Rakamlarla Güçlü Arz Tablosu
DMM, NSosyal hesabından yaptığı açıklamada, Türkiye'de kuru fasulye arzında herhangi bir sıkıntı bulunmadığını somut verilerle ortaya koydu. Açıklamada, 2024 yılında kuru fasulyede kendine yeterlilik oranının %84,5'e ulaştığı ve iç tüketimin büyük bölümünün yerli üretimle karşılandığı vurgulandı. 2025 yılına ilişkin TÜİK tahminlerine de değinilen açıklamada, 247 bin ton üretim gerçekleştiği ve bu süreçte yalnızca 7 bin tonluk sınırlı bir ithalat yapıldığı bilgisi paylaşıldı. Bu göstergelerin, iç piyasada arz sürekliliğinin sağlam bir şekilde korunduğunun kanıtı olduğu ifade edildi.
Üreticiye Sağlanan Destekler ve Alım Garantisi
Kuru fasulye üretiminin sürdürülebilirliği ve piyasa istikrarının sağlanması amacıyla alınan tedbirlere de dikkat çekilen açıklamada, Toprak Mahsulleri Ofisi'nin (TMO) belirlediği alım fiyatı kamuoyuyla paylaşıldı. Buna göre, TMO alım fiyatı 42 TL/kg olarak belirlenmiş durumda. Ayrıca, gelecek yıllarda da güçlü arz yapısının devamı için Tarım Arazilerinin Kullanımının Etkinleştirilmesi (TAKE) Projesi kapsamında çalışmaların sürdüğü ve çiftçilere %75 hibe tohum desteği sağlandığı aktarıldı.

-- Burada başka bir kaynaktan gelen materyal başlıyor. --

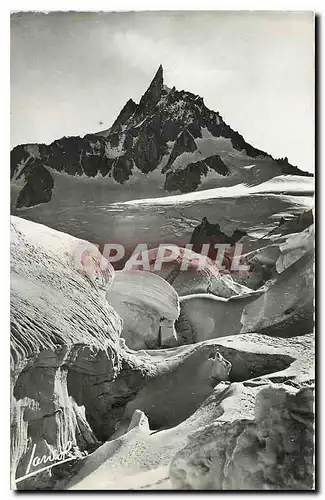 Ansichtskarte AK Chamonix Hte Montagne Hte Savoie la Dent du Geant Glacier du Geant au centre le Bognon de la Vie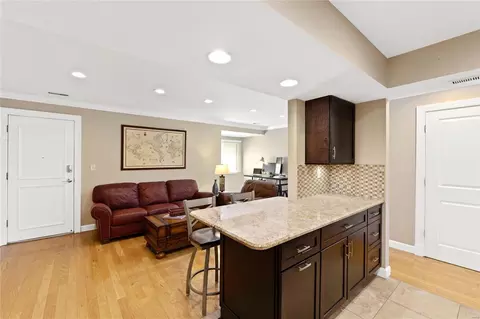 8018 Pershing Ave, Clayton, MO 63105 photo 10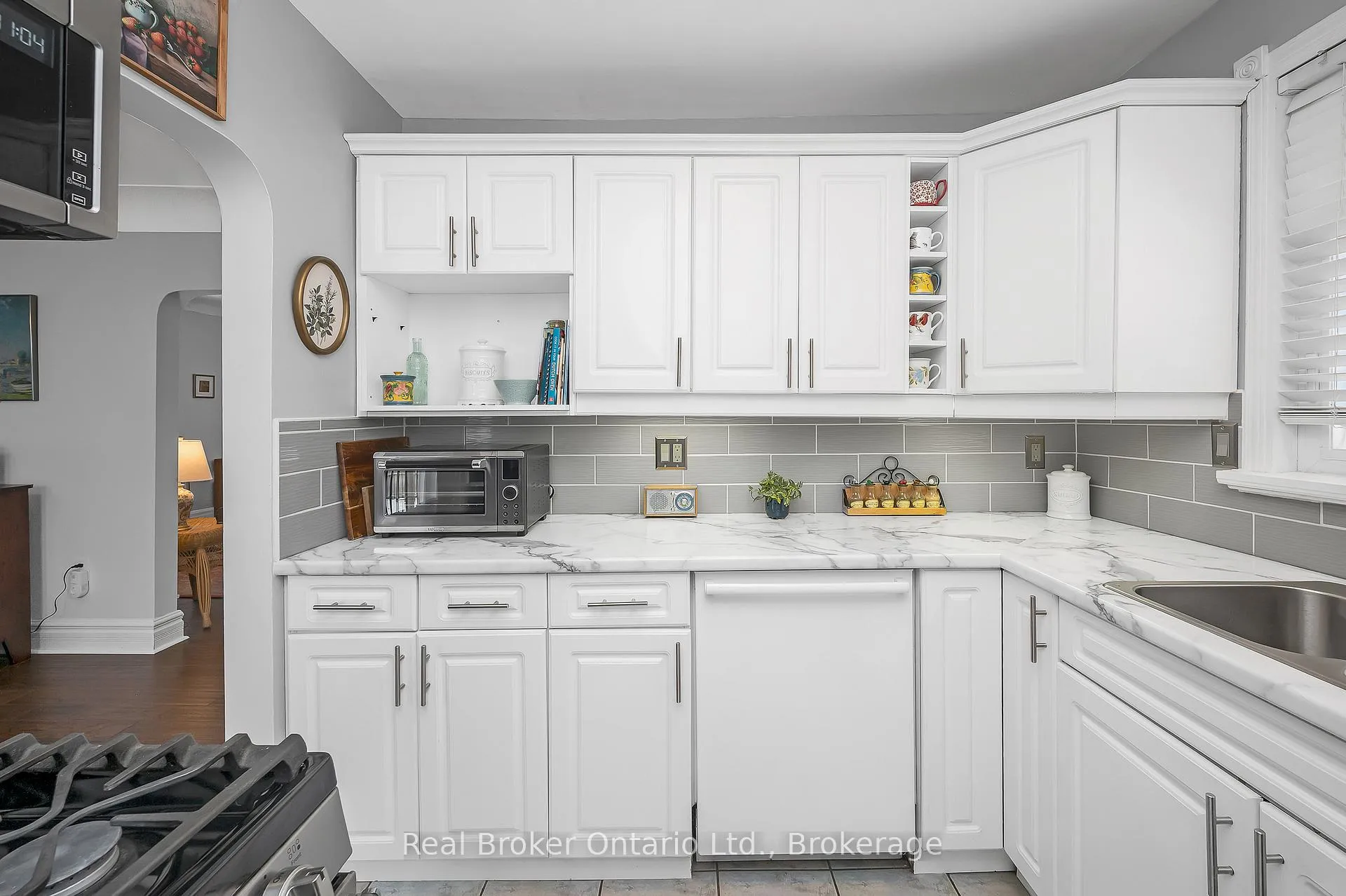 Photo 12 of 15 Maple Avenue, Hamilton, Stoney Creek — HOMEH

Kuru fasulyenin, 2024'ten itibaren üretim planlaması yapılan ürünler listesine alındığı hatırlatılan açıklamada, üreticiye verilen destek miktarlarındaki artış da şu şekilde sıralandı:
- 2024 üretim yılı: Dekar başına 185 lira
- 2025 üretim yılı: Dekar başına 366 lira
- 2026 üretim yılı: Dekar başına 465 lira
Kamuoyuna Çağrı: Resmi Verilere İtibar Edin
Dezenformasyonla Mücadele Merkezi, tüm bu verilerin ışığında, kuru fasulyeye erişimde bir sıkıntı yaşanacağı yönündeki iddiaların gerçeklerle örtüşmediğinin altını çizdi. Açıklamanın son bölümünde, kamuoyuna manipülatif söylemlere itibar etmemeleri ve resmi kurumlar tarafından paylaşılan güvenilir verilere dayanmaları konusunda önemli bir çağrıda bulunuldu.